However, since she has been walking on the ground on the lead she has been quite aggressive with almost every dog she meets in the park - big or small, male or female. She always barks loudly, jumps up or on them, sometimes pins them down, sometimes growls and snaps, though thankfully she hasn’t bitten any other dog yet. It’s a bit awkward with other dog owners who quite often swipe up their puppies in fear.

We haven’t let her off the lead yet but do plan to do this when we get her recalling better on the lead as she is very distracted still. At home we have been practicing positive reinforcement rather than any punishment led behaviour and she is otherwise very trainable and a happy little lady in every regard (she nips like a little shark but does largely respond to ‘stop’ now). 

I am wondering whether we ‘threw her in the deep end’ too soon and she maybe needed to get used to seeing dogs on her walks first or keeping meetings very brief at first? My other thought is that she is being protective of us. We should have named Jolly ‘Velcro’ because she really is attached to both me and my partner. 

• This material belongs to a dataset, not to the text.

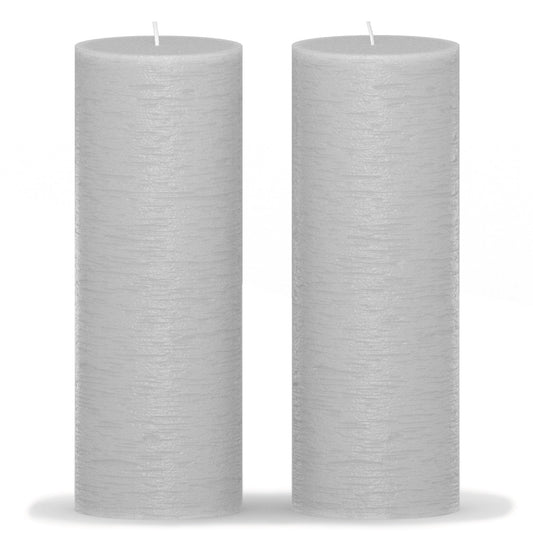 Swiece filarowe CANDWAX jasnoszare 8" - zestaw 2 szt.
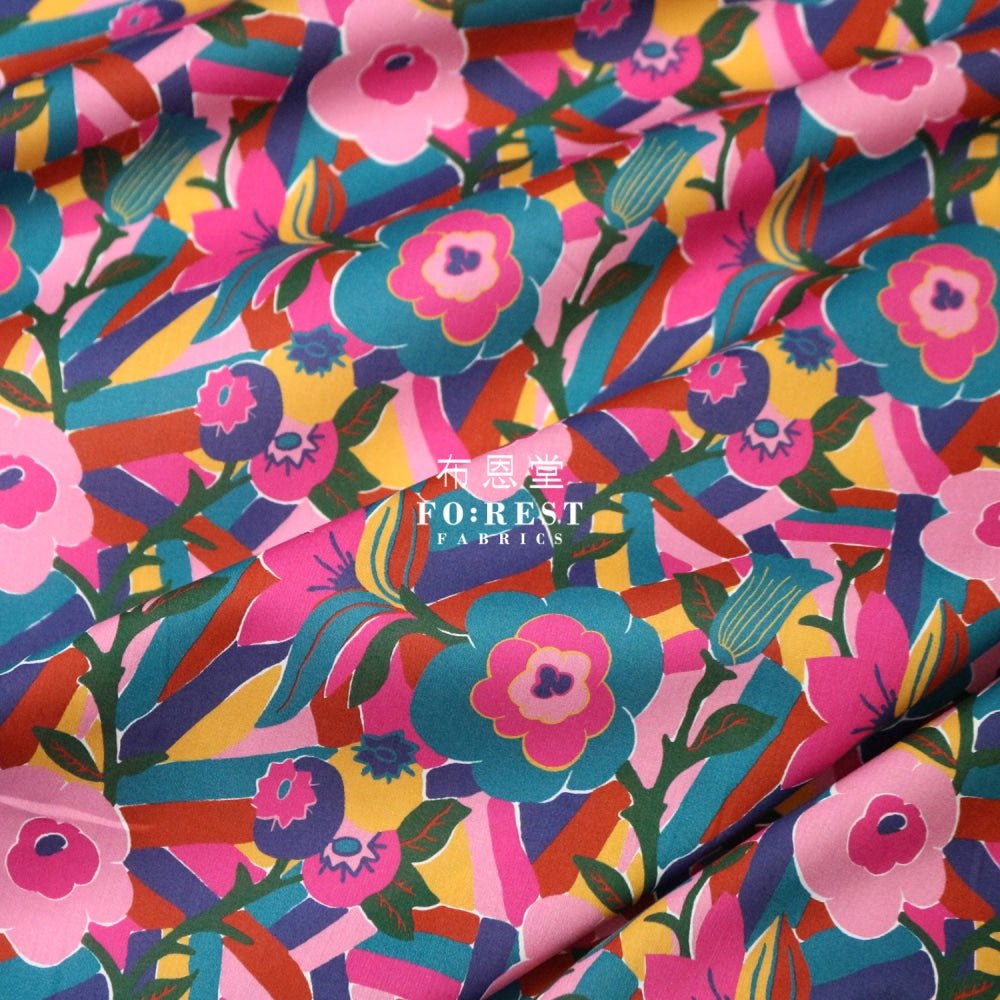 Liberty of London (Cotton Tana Lawn Fabric) - Bloombury YW - FO:REST Fabric 布恩堂Liberty fabrictana lawnjapanese fabricykk zipper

I would so welcome any guidance or help from other owners of Vizslas on here that have experienced similar. Perhaps I am over-worrying as she is still so young? Thank you very much.


----------



## ana19 (Jun 26, 2020)

Rosie1818- said:


> Hi everyone - firstly a huge thank you to everyone who runs and contributes to this site. As a first-time vizsla owner I have found this forum incredibly helpful.
> 
> looking for some advice. My vizsla puppy Jolly is a bundle of fun who came from a reputable breeder. She was one of 9 puppies and was said to be one of the quieter ones (though I would argue she is quite a dominant little personality!)
> 
> ...


Without seeing the behavior, I would say she's just playing a bit more roughly, she's not aggressive. On BC SPCA Accredited North Vancouver Dog Training & Behavior Consulting you have a free dog body language course and it also has play behaviors explained so check it out and compare it to her behavior. You'll see there's nothing to worry about. But well done for using R+, it will be worth it in the long run, you'll see!


----------



## Rosie1818- (Dec 26, 2020)

ana19 said:


> Without seeing the behavior, I would say she's just playing a bit more roughly, she's not aggressive. On BC SPCA Accredited North Vancouver Dog Training & Behavior Consulting you have a free dog body language course and it also has play behaviors explained so check it out and compare it to her behavior. You'll see there's nothing to worry about. But well done for using R+, it will be worth it in the long run, you'll see!


Ana so grateful for your response I will check that out. Thank you!


----------



## Gabica (Jan 20, 2018)

Rosie1818- said:


> Ana so grateful for your response I will check that out. Thank you!


thank you from myself too. i have been reading and watching videos a lot in this topic, but have never attended this training, i will do it now. this area is so important when training dogs, really appreciate sharing it.


----------



## ana19 (Jun 26, 2020)

Gabica said:


> thank you from myself too. i have been reading and watching videos a lot in this topic, but have never attended this training, i will do it now. this area is so important when training dogs, really appreciate sharing it.


You are very welcome! Dog body language is such an important topic yet we fail to learn enough about it.


----------



## Frida010 (Apr 24, 2020)

The dog school we attend picks puppies with that behavior and places them in their daycare with older dogs for then to learn how to play correctly with other dogs.

If you have friends with secure, non-aggressive dogs you could set up a play session (your pup on a long leash first) and have the older dogs correct his behaviour. But you need to read up on dog behaviour and body language first to understand when to interfere (and when not).


----------



## Rosie1818- (Dec 26, 2020)

Frida010 said:


> The dog school we attend picks puppies with that behavior and places them in their daycare with older dogs for then to learn how to play correctly with other dogs.
> 
> If you have friends with secure, non-aggressive dogs you could set up a play session (your pup on a long leash first) and have the older dogs correct his behaviour. But you need to read up on dog behaviour and body language first to understand when to interfere (and when not).


thanks Frida, appreciate your response and help. We had a much better day today she met lots of big adult dogs and was really quite submissive. Still a bit of a bully with some (but not all) small dogs but I have been reading up on how to handle the situation better and that has been helping a great deal.


----------



## InTheNet (Jun 1, 2016)

We are on our third v and all of them play /fight very rough.
Our current 2 year old and 6 month old you would think they are killing each other. I watch their tails Most always the tail is up and wagging which is good. When up and not moving it is a little more serious. When tail is tucked in it is time to separate them. rarely do we have to separate them. Our first male was kicked out of a dog park because he was to rough. But match him up with another high energy dog and they have a blast.


----------



## Rosie1818- (Dec 26, 2020)

InTheNet said:


> We are on our third v and all of them play /fight very rough.
> Our current 2 year old and 6 month old you would think they are killing each other. I watch their tails Most always the tail is up and wagging which is good. When up and not moving it is a little more serious. When tail is tucked in it is time to separate them. rarely do we have to separate them. Our first male was kicked out of a dog park because he was to rough. But match him up with another high energy dog and they have a blast.


Thank you so much for coming back. This kind of comment really helps put my mind at ease. As I expected I think I just needed to get my head around the behaviour and look out for the signs of trouble vs just normal play. As is usually the case... it’s me the owner not the dog! 🤣


----------